*** Records Section Begins ***

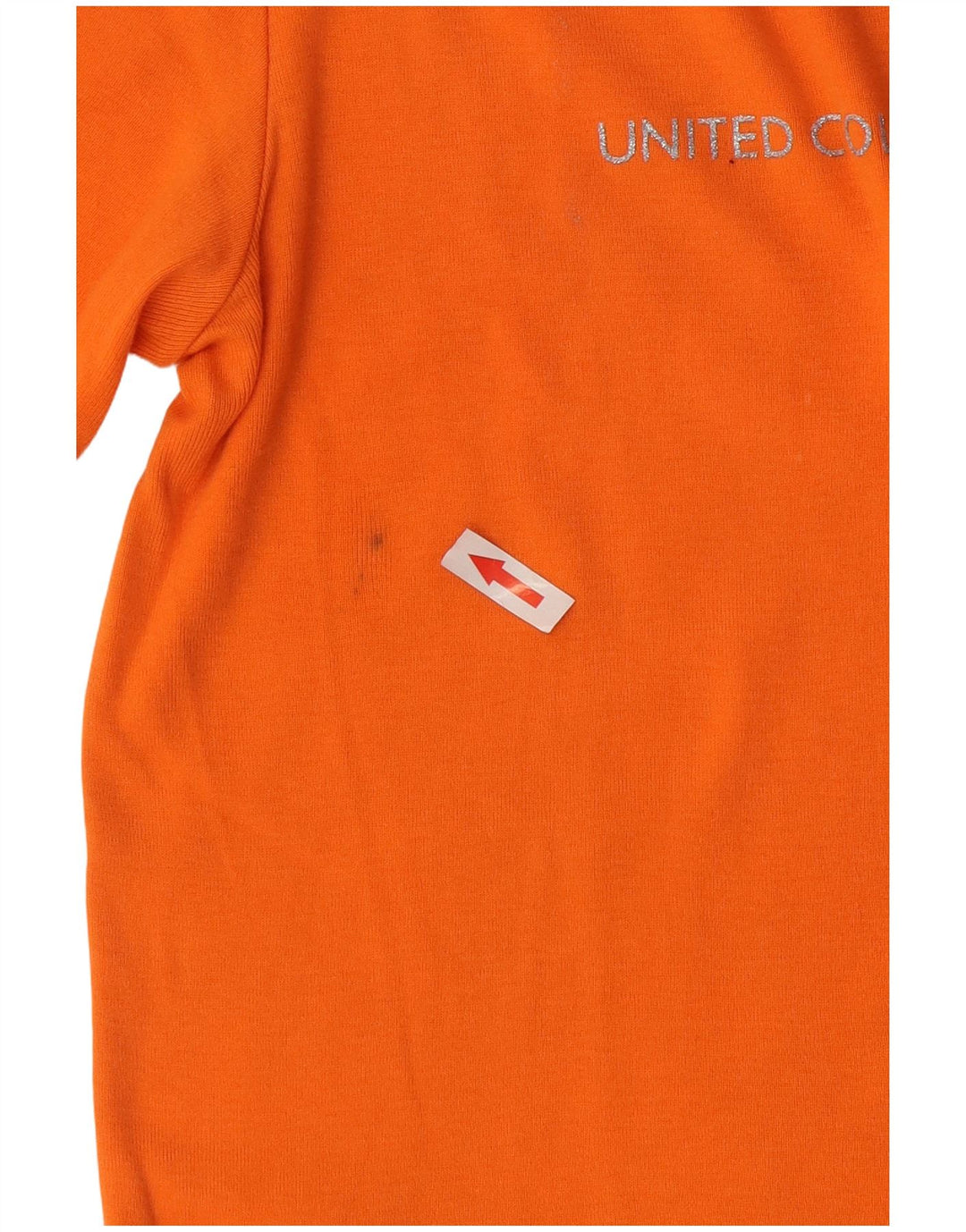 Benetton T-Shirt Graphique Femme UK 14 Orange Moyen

*** Records Section Ends ***
*** Records Section Begins ***

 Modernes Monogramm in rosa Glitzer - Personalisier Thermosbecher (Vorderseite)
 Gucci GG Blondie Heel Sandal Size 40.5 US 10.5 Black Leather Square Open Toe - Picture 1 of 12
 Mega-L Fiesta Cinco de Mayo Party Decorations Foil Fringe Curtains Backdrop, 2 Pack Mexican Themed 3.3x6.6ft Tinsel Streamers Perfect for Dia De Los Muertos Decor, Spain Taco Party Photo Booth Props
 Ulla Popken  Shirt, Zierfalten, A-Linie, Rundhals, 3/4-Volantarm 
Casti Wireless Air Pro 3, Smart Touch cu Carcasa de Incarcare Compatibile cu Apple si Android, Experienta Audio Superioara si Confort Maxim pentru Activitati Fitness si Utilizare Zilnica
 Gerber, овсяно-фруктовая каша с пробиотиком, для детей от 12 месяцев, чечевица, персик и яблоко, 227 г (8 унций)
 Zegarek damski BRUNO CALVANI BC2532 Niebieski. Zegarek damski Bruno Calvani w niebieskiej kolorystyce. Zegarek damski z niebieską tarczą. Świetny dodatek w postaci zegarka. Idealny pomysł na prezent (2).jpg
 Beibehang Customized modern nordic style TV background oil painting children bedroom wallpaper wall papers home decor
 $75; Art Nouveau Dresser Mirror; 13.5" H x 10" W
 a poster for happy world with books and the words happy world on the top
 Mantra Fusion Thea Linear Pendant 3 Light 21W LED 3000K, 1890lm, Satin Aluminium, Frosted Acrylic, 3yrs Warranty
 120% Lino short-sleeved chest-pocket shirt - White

*** Records Section Ends ***

:: Prompt ::
Which lines run from the one holding "Gerber, овсяно-фруктовая каша" through the one holding "120% Lino short-sleeved" in the records above? Repeat them exactly, both included, and nothing more.

:: Answer to this exercise ::
 Gerber, овсяно-фруктовая каша с пробиотиком, для детей от 12 месяцев, чечевица, персик и яблоко, 227 г (8 унций)
 Zegarek damski BRUNO CALVANI BC2532 Niebieski. Zegarek damski Bruno Calvani w niebieskiej kolorystyce. Zegarek damski z niebieską tarczą. Świetny dodatek w postaci zegarka. Idealny pomysł na prezent (2).jpg
 Beibehang Customized modern nordic style TV background oil painting children bedroom wallpaper wall papers home decor
 $75; Art Nouveau Dresser Mirror; 13.5" H x 10" W
 a poster for happy world with books and the words happy world on the top
 Mantra Fusion Thea Linear Pendant 3 Light 21W LED 3000K, 1890lm, Satin Aluminium, Frosted Acrylic, 3yrs Warranty
 120% Lino short-sleeved chest-pocket shirt - White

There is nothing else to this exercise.